Pematangsiantar, Sinata.id – Sidang perceraian nomor 101/Pdt.B/2025/PN Pematangsiantar kembali digelar dengan agenda pembacaan eksepsi dan jawaban dari pihak tergugat, JRS. Dalam persidangan yang dipimpin Majelis Hakim Rinding Sambara bersama dua hakim anggota, Kristanto Siagian dan Johanes Haholongan, tergugat menilai gugatan yang diajukan istrinya, HR, masih terlalu dini untuk diproses.
Melalui tim kuasa hukum Pondang Hasibuan, SH MH, dan Ferry SP Sinamo, SH MH, pihak tergugat menegaskan bahwa dasar gugatan tidak mencerminkan upaya serius mempertahankan rumah tangga.
Mereka menjelaskan bahwa pertengkaran baru terjadi pada Agustus 2025, sementara gugatan langsung didaftarkan pada 17 September 2025. Menurut tergugat, dinamika tersebut masih merupakan persoalan umum dalam rumah tangga dan bukan alasan kuat untuk memutuskan sebuah pernikahan.
Dalam pokok jawaban, tergugat membantah sejumlah tuduhan yang disampaikan penggugat, mulai dari persoalan keuangan, penyebab pertengkaran, hingga dugaan keterlibatan pihak ketiga.
Pihak tergugat juga menyatakan bahwa hubungan suami istri masih berlangsung hingga 2025 dan tidak terdapat alasan hukum yang memenuhi syarat perceraian sebagaimana diatur dalam undang-undang.
Berdasarkan keseluruhan argumentasi, tergugat meminta majelis hakim untuk menerima eksepsi, menyatakan gugatan prematur, serta memutuskan gugatan tidak dapat diterima (NO).
Usai persidangan, kuasa hukum tergugat memberikan pernyataan tegas terkait landasan moral dan religius dari posisi kliennya yang juga berstatus seorang penatua gereja (Sintua).

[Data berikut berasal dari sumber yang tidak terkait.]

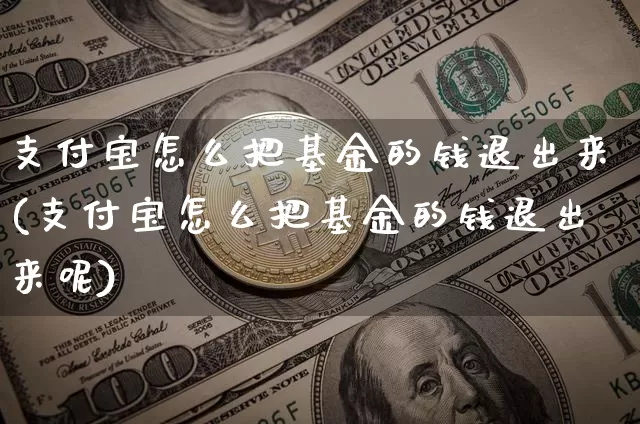 支付宝怎么把基金的钱退出来(支付宝怎么把基金的钱退出来呢)_https://www.cangshenghg.com_北交所_第1张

Pondang Hasibuan mengatakan, dalam ajaran Kristen, perceraian tidak dibenarkan kecuali karena perjinahan. Ia menilai gugatan yang didorong oleh pertengkaran sepele tidak memiliki dasar teologis maupun moral.

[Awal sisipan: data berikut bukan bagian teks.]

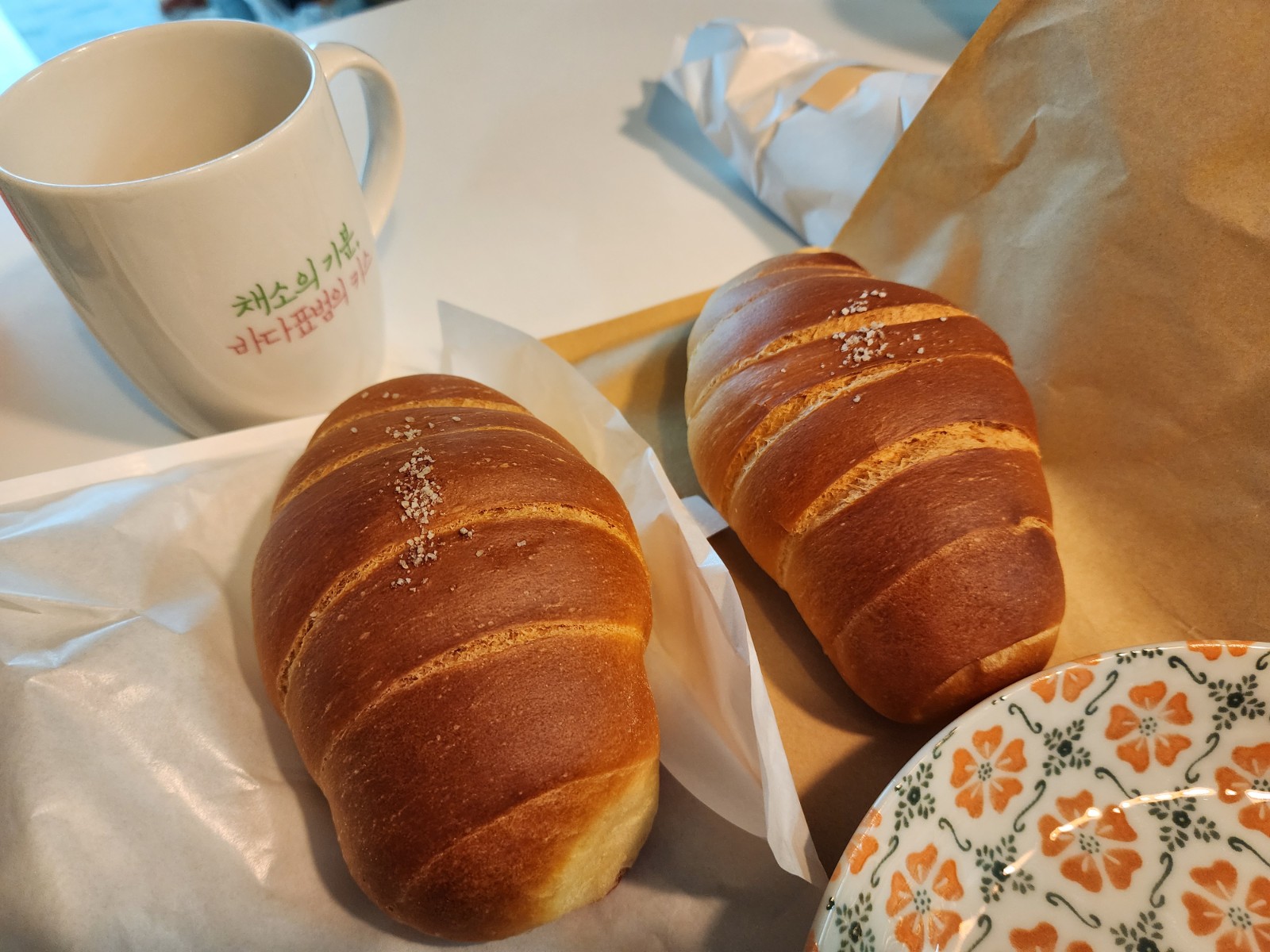 소금빵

“Dalam kekristenan, perceraian tidak dikenal kecuali karena perjinahan. Firman Tuhan secara tegas mengatakan: apa yang dipersatukan Allah, manusia tidak boleh menceraikannya. Jadi ketika gugatan diajukan hanya karena pertengkaran sepele, itu bukan dasar yang dibenarkan oleh Alkitab,” ujar Pondang.
Menurutnya, emosi sesaat tidak dapat dijadikan alasan untuk mengakhiri rumah tangga yang telah diikrarkan di hadapan Tuhan.

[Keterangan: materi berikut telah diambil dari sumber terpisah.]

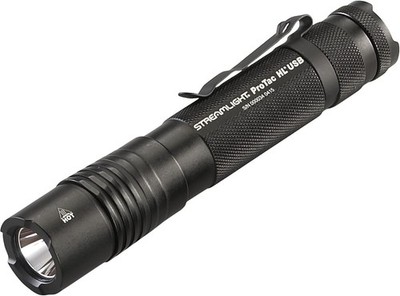 Streamlight 88054 ProTac HL USB 1000-Lumen Multi-Fuel USB Rechargeable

“Tidak ada satu ayat pun yang mendukung perceraian karena sakit hati sementara atau perbedaan pendapat. Kalau alasan yang dipakai rapuh, itu namanya bukan mencari solusi, tapi melarikan diri dari komitmen yang sudah diikrarkan di hadapan Tuhan,” ujarnya.
Pondang menegaskan bahwa pernikahan merupakan komitmen rohani yang harus dipertahankan, sehingga gugatan yang tidak berbasis pada pelanggaran berat dianggap bertentangan dengan ajaran iman dan nilai sosial.
“Menggugat cerai tanpa dasar perjinahan sama saja menantang ketetapan Tuhan. Gereja tidak mengakui perceraian seperti itu, dan menurut kami majelis hakim pun perlu mempertimbangkan aspek sosial dan moral tersebut,” tambahnya.
“Klien kami berpegang pada ajaran Kristen bahwa pernikahan harus dipertahankan. Karena itu gugatan ini bukan hanya prematur menurut hukum, tetapi juga bertentangan dengan firman Tuhan sendiri,” pungkasnya.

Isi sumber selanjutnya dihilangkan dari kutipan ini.